41 Pour résoudre ce problème, Google et d’autres entreprises utilisent des « bibliothèques d’annonces » mobiles (comme AdMob) qui sont intégrées dans les applications par leurs développeurs pour diffuser des annonces dans les applications mobiles. Ces bibliothèques compilent et s’exécutent avec les applications et envoient à Google des données spécifiques à l’application à laquelle elles sont intégrées, y compris les emplacements GPS, la marque de l’appareil et le modèle de l’appareil lorsque les applications ont les autorisations appropriées. Comme on peut le voir dans les analyses de trafic de données (Figure 8), et comme on peut trouver confirmation sur les propres pages web des développeurs de Google75, de telles bibliothèques peuvent également envoyer des données personnelles de l’utilisateur, telles que l’âge et le genre, tout cela va vers Google à chaque fois que les développeurs d’applications envoient explicitement leurs valeurs numériques vers la bibliothèque.
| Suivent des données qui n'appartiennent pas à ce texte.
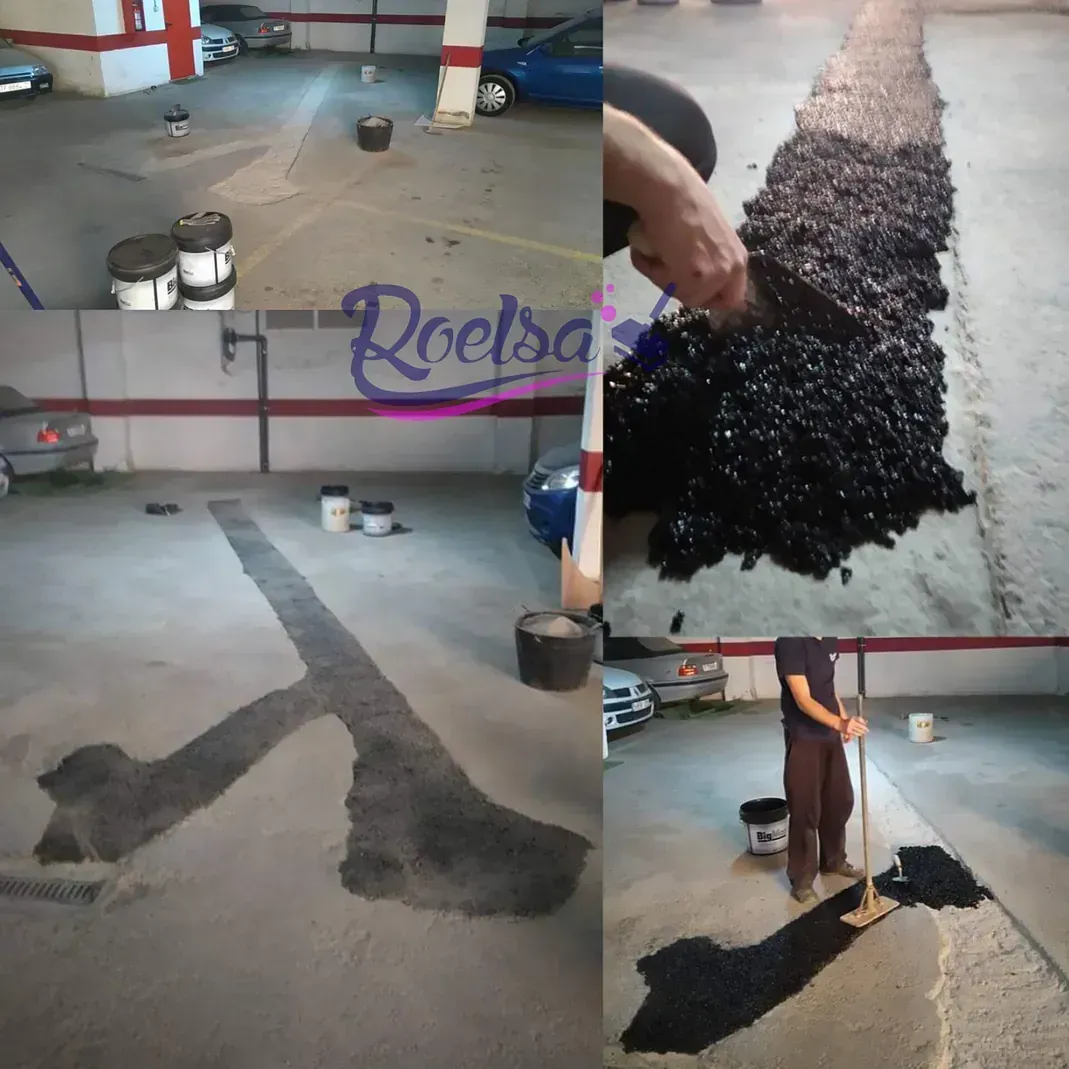 Un collage de dos imágenes con la palabra roelsa a la izquierda.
Figure 8 : Aperçu des informations renvoyées à Google lorsqu’une application est lancée

C. Association de données recueillies passivement et d’informations à caractère personnel

42. Comme nous l’avons vu plus haut, Google recueille des données par l’intermédiaire de produits pour éditeurs et annonceurs, et associe ces données à une variété d’identificateurs semi-permanents et anonymes. Google a toutefois la possibilité d’associer ces identifiants aux informations personnelles d’un utilisateur. C’est ce qu’insinuent les déclarations faites dans la politique de confidentialité de Google, dont des extraits sont présentés à la figure 9. La zone de texte à gauche indique clairement que Google peut associer des données provenant de services publicitaires et d’outils d’analyse aux informations personnelles d’un utilisateur, en fonction des paramètres du compte de l’utilisateur. Cette disposition est activée par défaut, comme indiqué dans la zone de texte à droite.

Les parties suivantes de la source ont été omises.